Dutch Statutory Audit Requirements

What US companies must know about their BV subsidiary's financial reporting obligations

TL;DR
Cross two of three size thresholds (EUR 7.5M balance sheet, EUR 15M turnover, 50 employees) and your Dutch BV needs a statutory audit by a local Dutch-registered accountant -- your US Big Four auditor signing from New York does not qualify. Late filing triggers personal director liability in bankruptcy, and the annual compliance jump runs EUR 50K-100K.
The American Assumption
Your Dutch subsidiary can use the US parent's auditor and reporting standards for local compliance.
The Dutch Reality
The Netherlands mandates a statutory audit by a Dutch-registered accountant for medium and large companies. Dutch statutory accounts must be prepared under Dutch GAAP, not US GAAP. A US Big Four auditor signing from New York does not qualify.
The Consequence
Late filing of annual accounts triggers a statutory presumption of mismanagement under Article 2:248 BW, creating personal director liability in bankruptcy. Filed accounts are public -- anyone can order them from KVK.
EUR 7.5M
Balance sheet threshold
Exceeding two of three size criteria on two consecutive dates triggers statutory audit
EUR 50K-100K
Compliance cost increase
Additional annual cost when crossing from small to medium classification

The Netherlands mandates a statutory audit for any company classified as "medium" or "large" -- triggered by exceeding two of three size thresholds on two consecutive balance sheet dates. As of financial years starting January 1, 2024, the thresholds (raised 25% to account for inflation) are: balance sheet total over EUR 7.5 million, net turnover over EUR 15 million, or more than 50 employees. The audit must be performed by a Dutch-registered accountant (registeraccountant or accountant-administratieconsulent registered with the NBA and employed by an AFM-licensed audit firm). A US parent's Big Four auditor signing from New York does not qualify.
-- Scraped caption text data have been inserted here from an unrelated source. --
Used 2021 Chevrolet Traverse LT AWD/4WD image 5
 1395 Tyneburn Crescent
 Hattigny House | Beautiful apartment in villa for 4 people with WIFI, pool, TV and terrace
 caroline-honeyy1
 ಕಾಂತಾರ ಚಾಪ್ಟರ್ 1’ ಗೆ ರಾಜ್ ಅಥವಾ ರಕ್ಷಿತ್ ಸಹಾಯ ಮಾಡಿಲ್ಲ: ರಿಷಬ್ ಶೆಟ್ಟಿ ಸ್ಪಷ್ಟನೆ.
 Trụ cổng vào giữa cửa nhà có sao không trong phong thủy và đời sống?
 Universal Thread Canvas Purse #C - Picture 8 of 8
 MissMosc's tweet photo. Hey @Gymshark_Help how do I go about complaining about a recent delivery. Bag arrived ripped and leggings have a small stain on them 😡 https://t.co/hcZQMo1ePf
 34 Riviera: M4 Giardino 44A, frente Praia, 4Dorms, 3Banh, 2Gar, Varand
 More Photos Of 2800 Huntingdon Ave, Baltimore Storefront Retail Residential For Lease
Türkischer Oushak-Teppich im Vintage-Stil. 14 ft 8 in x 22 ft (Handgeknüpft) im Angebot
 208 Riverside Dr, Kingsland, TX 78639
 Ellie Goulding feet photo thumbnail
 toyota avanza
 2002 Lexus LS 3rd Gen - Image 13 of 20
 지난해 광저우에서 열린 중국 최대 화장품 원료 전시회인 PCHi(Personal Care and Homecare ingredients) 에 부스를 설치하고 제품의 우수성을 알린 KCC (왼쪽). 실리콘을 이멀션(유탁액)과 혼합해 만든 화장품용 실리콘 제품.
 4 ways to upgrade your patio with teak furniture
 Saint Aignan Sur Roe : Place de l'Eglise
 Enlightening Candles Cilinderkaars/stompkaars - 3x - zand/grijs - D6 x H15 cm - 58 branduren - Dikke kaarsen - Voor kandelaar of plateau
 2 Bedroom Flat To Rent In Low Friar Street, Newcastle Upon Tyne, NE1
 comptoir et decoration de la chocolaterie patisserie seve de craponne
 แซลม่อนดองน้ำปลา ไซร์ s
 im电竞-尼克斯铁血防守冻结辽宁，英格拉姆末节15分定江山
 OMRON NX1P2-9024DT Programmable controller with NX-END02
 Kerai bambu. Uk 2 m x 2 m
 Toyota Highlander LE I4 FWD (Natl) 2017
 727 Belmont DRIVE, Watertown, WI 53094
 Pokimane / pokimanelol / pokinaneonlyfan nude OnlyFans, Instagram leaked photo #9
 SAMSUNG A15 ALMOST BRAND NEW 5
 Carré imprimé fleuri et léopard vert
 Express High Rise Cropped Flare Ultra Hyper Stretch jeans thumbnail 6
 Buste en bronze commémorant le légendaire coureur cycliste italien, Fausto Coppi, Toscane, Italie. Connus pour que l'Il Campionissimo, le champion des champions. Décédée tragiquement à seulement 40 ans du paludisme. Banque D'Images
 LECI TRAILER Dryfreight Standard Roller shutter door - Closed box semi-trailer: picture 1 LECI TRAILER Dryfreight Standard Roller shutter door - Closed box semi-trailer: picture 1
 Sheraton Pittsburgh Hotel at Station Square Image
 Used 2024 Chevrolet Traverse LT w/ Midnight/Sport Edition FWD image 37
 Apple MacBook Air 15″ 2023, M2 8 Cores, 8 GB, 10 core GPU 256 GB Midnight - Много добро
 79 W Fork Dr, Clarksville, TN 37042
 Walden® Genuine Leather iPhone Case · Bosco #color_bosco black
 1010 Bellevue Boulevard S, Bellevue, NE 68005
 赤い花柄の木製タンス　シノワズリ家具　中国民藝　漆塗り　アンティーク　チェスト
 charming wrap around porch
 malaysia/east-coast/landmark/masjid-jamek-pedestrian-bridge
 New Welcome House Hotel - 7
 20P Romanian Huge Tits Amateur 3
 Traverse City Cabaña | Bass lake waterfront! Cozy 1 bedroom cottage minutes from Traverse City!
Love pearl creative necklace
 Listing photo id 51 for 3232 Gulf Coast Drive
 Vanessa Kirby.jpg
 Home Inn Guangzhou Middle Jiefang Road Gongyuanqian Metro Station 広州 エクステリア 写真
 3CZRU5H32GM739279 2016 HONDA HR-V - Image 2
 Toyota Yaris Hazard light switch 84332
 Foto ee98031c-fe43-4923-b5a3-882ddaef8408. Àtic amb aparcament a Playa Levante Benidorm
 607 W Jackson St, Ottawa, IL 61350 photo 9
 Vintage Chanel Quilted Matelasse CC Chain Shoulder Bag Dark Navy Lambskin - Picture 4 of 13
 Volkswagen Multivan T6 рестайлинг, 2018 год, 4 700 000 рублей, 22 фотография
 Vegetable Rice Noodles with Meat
Dutch statutory accounts must be prepared under Dutch GAAP -- not US GAAP. The consolidation reporting package your subsidiary prepares for the US parent is a completely separate exercise from the statutory jaarrekening filed at KVK. Annual accounts must be filed within 12 months of fiscal year-end. Late filing triggers a statutory presumption of mismanagement (Article 2:248 BW) that creates personal director liability in the event of bankruptcy -- an irrebuttable presumption that the board manifestly improperly performed its duties, with a rebuttable presumption that this caused the bankruptcy. Filed accounts are public: anyone can order them from KVK for a few euros.

Size Classification

CategoryBalance Sheet TotalNet TurnoverEmployees
Microup to EUR 450,000up to EUR 900,000fewer than 10
Smallup to EUR 7,500,000up to EUR 15,000,000fewer than 50
Mediumup to EUR 25,000,000up to EUR 50,000,000fewer than 250
Largeexceeds medium on at least 2 of 3 criteria

American subsidiaries often cross the small-to-medium threshold faster than expected. Intercompany receivables, capitalized development costs, or a large cash pool balance from the parent can inflate the balance sheet total well beyond EUR 7.5 million even when local revenue is modest.

Cost Ranges

Subsidiary ProfileEstimated Annual Audit Fee
Simple medium-sized BVEUR 25,000--40,000
Typical medium-sized BVEUR 35,000--60,000
Complex medium-sized BVEUR 50,000--80,000
Large BVEUR 70,000--150,000+

Total annual compliance cost increase when crossing from small to medium: EUR 50,000--100,000 including Dutch GAAP preparation, statutory audit, and GAAP reconciliation.

The 403 Trade-Off

The Article 2:403 group exemption can eliminate the statutory audit requirement, but at the cost of unlimited joint and several parent liability for all debts arising from the subsidiary's legal acts. See the companion 403 Declaration briefing for full analysis.

Sources

Research compiled 2026-03-17.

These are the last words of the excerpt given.